Porter Dublin was convicted of a misdemeanor, and brings error. Reversed.

The accused was arraigned in the city court of Sylvester, at the June term, 1906, upon an accusation charging him with a misdemeanor. He interposed a special plea in bar, the averments of which were, in substance, as follows: The accusation was pending in the city court at the September term,

1905, and during that term the accused in writing demanded a trial; the demand being in the terms of the statute. This demand was by order of the court placed upon the minutes. At that term there was a jury impaneled and qualified to try the accused, but he was not tried. At the next regular succeeding term, to wit, the March term,

1906, there was a jury impaneled and qualified to try' the' accused. The accused was present, ready for trial, and insisting on a trial, but was not tried. The March term began on the fourth Monday in March, was in daily session for about two weeks, and was then adjourned until the third Monday in May. The accused, through his counsel, stated to the presiding judge in open court that he insisted on a trial, calling attention to the demand above referred to. The judge refused to grant a discharge or allow a trial, stating that an adjourned term would be held, at which all cases in which demands had been made would be tried. The adjourned term was not in fact held, and the March term was finally adjourned on the third Monday In May. These facts are pleaded as reasons for an absolute discharge and acquittal of the offense charged in the accusation. Upon the special plea being filed, the judge passed the following order: "Upon reading of the plea and oral motion to discharge the defendant, the same is hereby overruled." The accused excepted. The trial proceeded, and the accused was convicted. In his bill of exceptions he assigns error upon the ruling above referred to, upon the refusal to grant a new trial, and upon the overruling of a demurrer.
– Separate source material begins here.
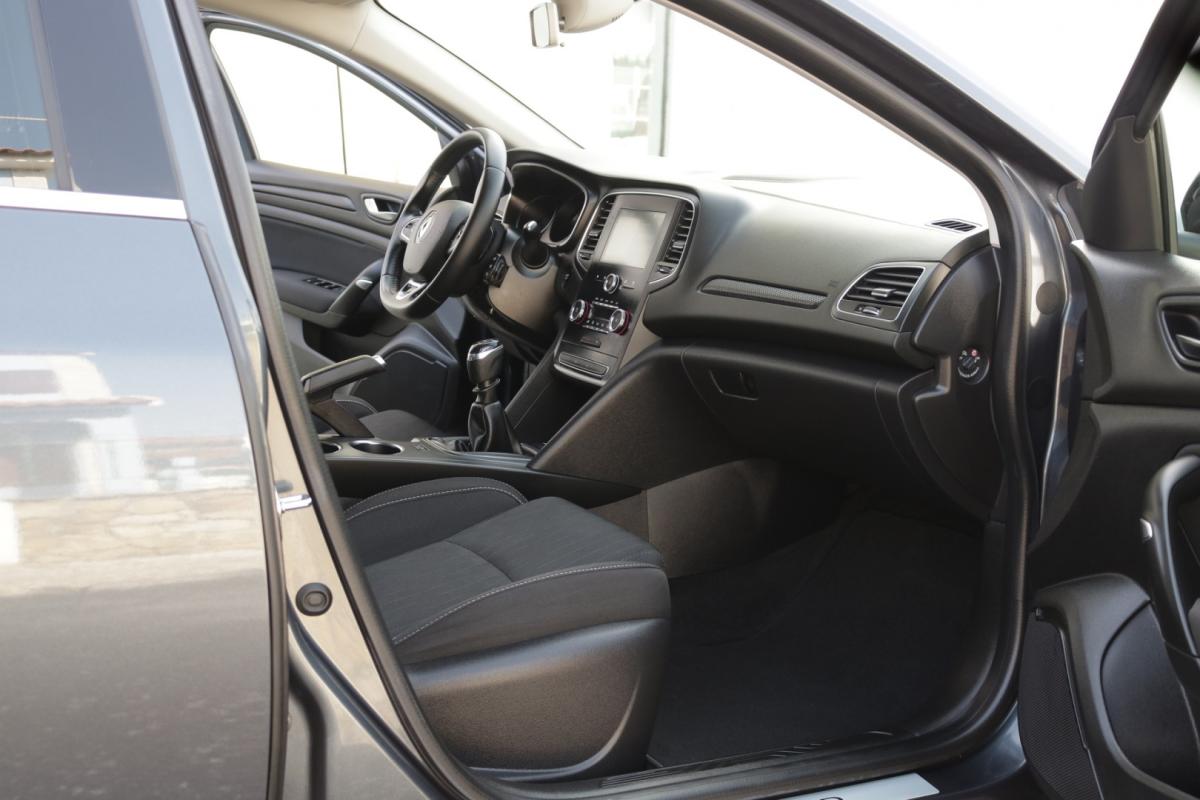 renault-megane-sport-tourer-2021-diesel-1500cc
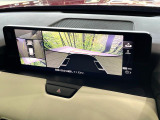 【360&deg;ビューモニター】専用のカメラにより、上から見下ろしたような視点で360度クルマの周囲を確認することができます☆死角部分も確認しやすく、狭い場所での切り返しや駐車もスムーズに行えます。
Payton & Hay, for plaintiff in error.

J. H. Tipton, Sol., for the State.

COBB, P. J. (after stating the foregoing facts). Both counsel for the state and for the accused, in their briefs, treat the order of the judge as in effect striking the plea upon demurrer, and we will so consider it. The eighteenth section of the fourteenth division of the Penal Code of 1833 provided that any person charged with an offense not capital might "demand a trial at the term when the indictment was found, or at the next succeeding term thereafter, " and that if a trial was not had at the term when the demand was made, or at the next succeeding term, the accused should be absolutely acquitted and discharged of the offense, provided that at both terms there were juries impaneled and qualified to try the accused. Cobb's Dig. p. 836. In Denny v. State, 6 Ga. 491, the section of the Penal Code above referred to was construed to authorize a demand for trial at the first, second, or any subsequent term. In Jordan v. State, 18 Ga. 532, Judge Lumpkin expressed a doubt as to whether the ruling in Denny's Case was a sound construction of the Code, either upon principle or policy. In Price v. State, 25 Ga. 133, it was held that a demand for trial must be made not later than the second term: the decision in Denny's Case being in terms overruled. In Watts v. State, 26 Ga. 231, the ruling in Price's Case was followed and approved. This decision was rendered in 1858. In 1859 (Acts 1859, p. 60) the General Assembly amended the eighteenth section of the Code of 1833, so as to authorize in terms a demand for trial to be entered at the term when the...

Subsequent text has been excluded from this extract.